The final design of the ‘bank is still unclear, and there is much speculation about whether it will be a ‘real’ bank – independent and able to raise bonds etc – or simply a Government funding pot.
3. The Government’s commitment to the programme for the commercialisation of Carbon Capture & Storage has been reduced from the construction of four demonstration plants, to just a single one. However, the announcements confirmed that there is “up to” £1bn of public funds on the table for the first. DECC will have a challenge on its hands in restoring confidence as uncertainty around the policy environment and economics of the CCS projects has led to the withdrawal of all but one of the companies bidding for the Government funds, with E.ON pulling out last week.
Building and running four till 2015 would have cost about £10bn but the government still has the power – voted in with cross-party agreement – to charge a levy on consumer power bills to pay for the CCS demonstration. Watch this space.

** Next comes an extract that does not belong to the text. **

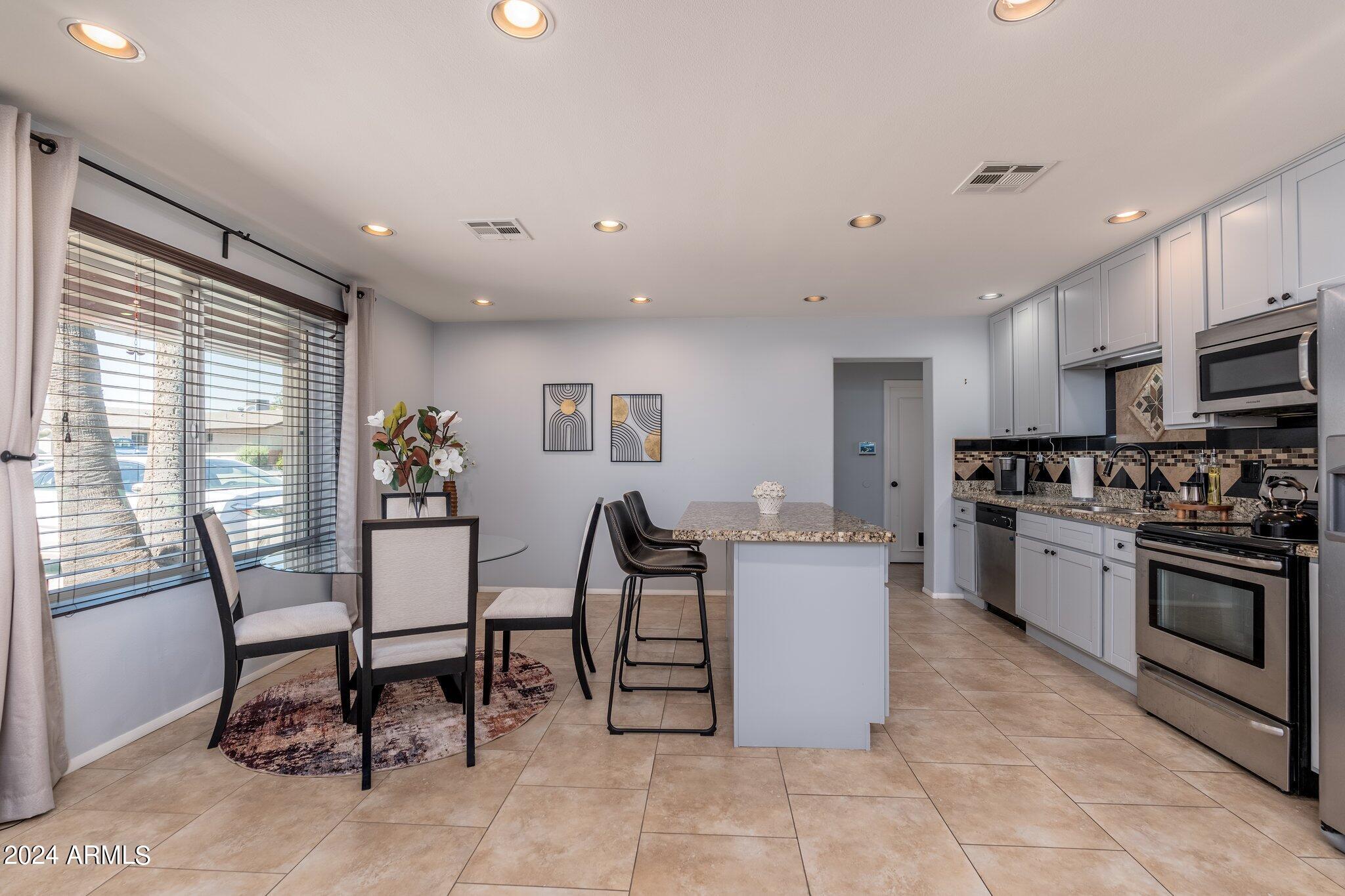 11823 N 22ND Street, Phoenix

4. DECC’s central budget is cut by 20%, though capital expenditure will increase by 28% by 2014-15 – most likely on nuclear decommissioning, carbon capture and storage and the renewable heat incentive for green home heating.

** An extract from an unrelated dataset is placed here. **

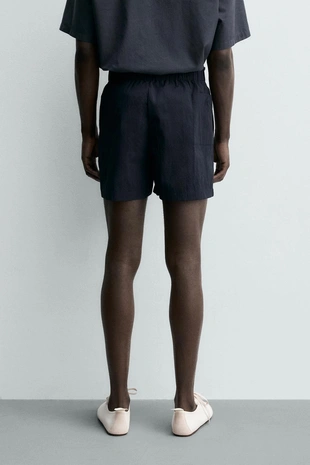 Укороченные шорты из высокотехнологичной ткани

The state of the deficit has delivered a huge blow to the economics of the UK’s ambitions to transition to a low carbon economy. The introduction of a ‘carbon tax’ in the guise of the CRC, will mark a challenging time for the economy, as they struggle to internalise the carbon costs of their operations. The fact that revenues raised will not even feed into the Green Investment Bank signifies a significant lost opportunity, threatening risks to the economic sustainability of the UK economy.